The Medieval Academy of America seeks to appoint an Editor for Speculum. The position is configured as part-time, requiring around 25 hours per week. The Editor is appointed for an expected five-year term, subject to acceptable yearly performance reviews, with the possibility of a second five-year term by mutual agreement. The editor should be an established scholar with academic credentials in some field(s) of medieval studies, broadly defined, with good organizational and decision-making skills. Experience in journal or book editing will be helpful but not necessary. The new editor should plan on taking office in the late Spring of 2019, and at the latest by July 1, 2019. Terms and conditions are to be negotiated, as is the physical location of the Editor.

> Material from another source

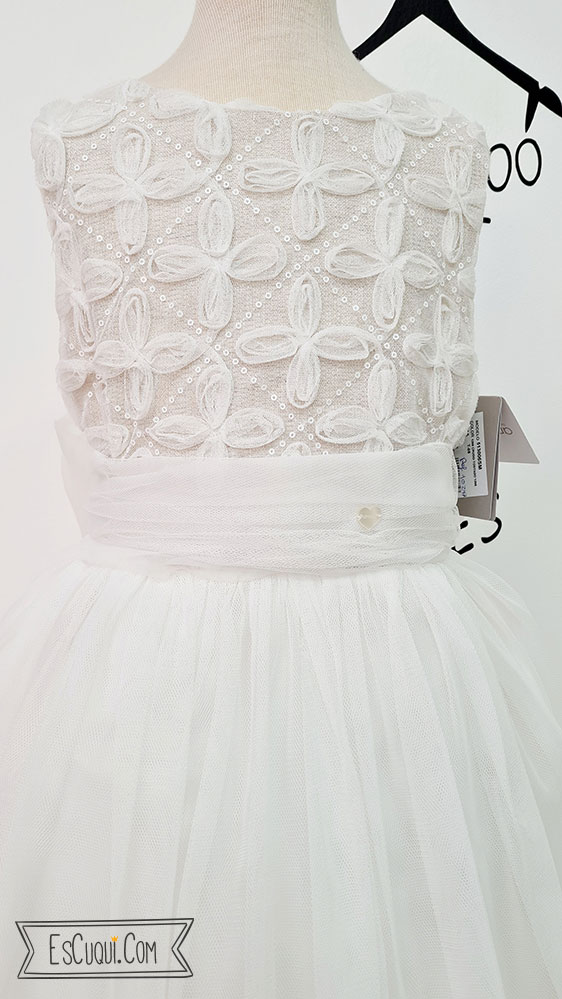 vestido amaya tul blanco lino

Speculum, published quarterly since 1926, was the first scholarly journal in North America devoted exclusively to the Middle Ages. It remains the premier journal for all fields devoted to study of the western Middle Ages, a period ranging from approximately 500 to 1500 CE. Presently, the journal has been expanding its range of topics and methodologies, and has extended its geographic reach; it has added a review editor for scholarly work with a digital component, and recently published a supplemental issue concerning medieval scholarship in the digital humanities. Speculum forms the intellectual center of the Medieval Academy of America, and editing the journal to an unfailingly high standard is challenging and absorbing. The main challenge for a journal representing such an enormously diverse field is to publish articles that make substantive contributions to their particular areas of expertise while yet appealing to the wide range of scholarly and disciplinary interests in the Middle Ages. The editor will be charged with final responsibility for peer review and with acceptance of manuscripts and book reviews for publication.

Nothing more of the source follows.